En plus d’être renouvelable, l’électricité islandaise est une des moins chères du monde industriel. Le gouvernement propose aussi aux investisseurs des taux garantis sur 20 ans et un réseau d’énergie sans faille, de quoi attirer l’attention dans un marché dominé par la Chine et l’Allemagne, et par exemple, l’attention d’IBM. Le bruit court que la multinationale installe en ce moment un centre d’information reliant l’Europe à l’Amérique du Nord par un réseau déjà existant de lignes en fibres optiques sous-marines. Le climat du pays permet aussi de faire des économies sur le maintien de la température dans les pièces où sont installés les ordinateurs. IBM se refuse à tout commentaire.
Une entreprise norvégienne et une autre new-yorkaise ont confirmé leur choix de l’Islande, attirées par l’électricité renouvelable.
Le problème est que la plupart des entreprises qui s’implantent polluent, même avec de l’énergie renouvelable, comme le secteur de l’aluminium, industrie majeure du pays avec la pêche.
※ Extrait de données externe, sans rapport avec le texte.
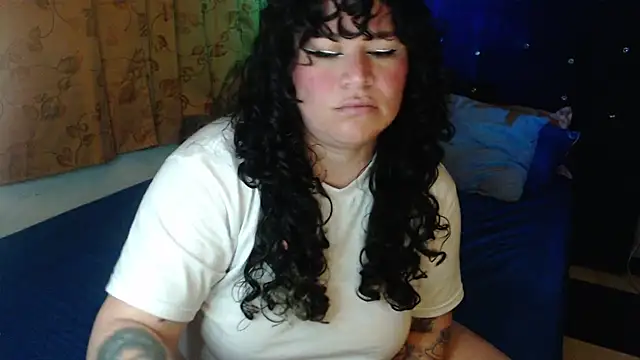 Snapshot of ANGELIQUE_KLANE chatting on 12.14.25 ANGELIQUE KLANE online show from 12.14.25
La ministre Juliusdottir exprime sa préférence pour la variété :
Ce n’est pas malin de passer d’une dépendance à l’industrie de la pêche à une dépendance à l’aluminium. Nous devons nous diversifier.
Le secteur de l’aluminium offre proportionnellement moins d’emplois que d’autres, et l’intérêt des Islandais se tourne vers la fibre optique ou le silicone, qui fournissent plus d’emploi par mégaWatt utilisé, ainsi que des emplois dérivés (recherche, pièces détachées, soutien logistique), ce que n’offre pas l’aluminium, qui travaille uniquement pour l’export.
L’Islande a aussi imaginé des 'parcs verts' où cohabitent des entreprises de secteurs variés, utilisant les sous-produits les unes des autres, comme le spa Blue Lagoon, qui utilise l’eau chaude naturelle rejetée par la centrale électrique voisine pour chauffer ses piscines. L’eau n’est aucunement gaspillée et les touristes étrangers se bousculent aux portes du spa.
Un petit problème demeure : la géothermie produit du CO2, bien qu’en moins grande quantité que les énergies fossiles. Quelques solutions existent. Le CO2 de la centrale qui alimenteBlue Lagoon est transféré vers une serre cultivant de l’orge génétiquement modifié à but médical et cosmétique. Une autre société le revend pour la fabrication d’une sorte de méthanol qui améliore l’efficacité de l’essence.
La quantité d’électricité dont dispose encore l’Islande est sujet à controverse. 75% vient de l’hydro-électricité, le reste de la géothermie, probablement aussi la ressource d’avenir, en raison de la situation volcanique du pays. Le pays est assez enclun à augmenter sa production, notamment pour pouvoir la vendre en Europe via un cable sous-marin haute tension, prévu en 2020 pour 2,6 milliards de dollars. L’idée serait de vendre l’électricité le jour et de la racheter la nuit à bas prix, et ainsi alimenter une nouvelle entreprise en attendant qu’une centrale locale soit installée.
Les atouts de l’Islande sont nombreux : entre l’Europe et l’Amérique, avec un climat facile, peu de grèves pour une main d’oeuvre qualifiée et la non-utilisation de pesticides. Si les Islandais réussissent à attirer les entreprises étrangères, ils aideront aussi à diminuer l’empreinte carbone du monde. Là encore, l’Islande fait la différence.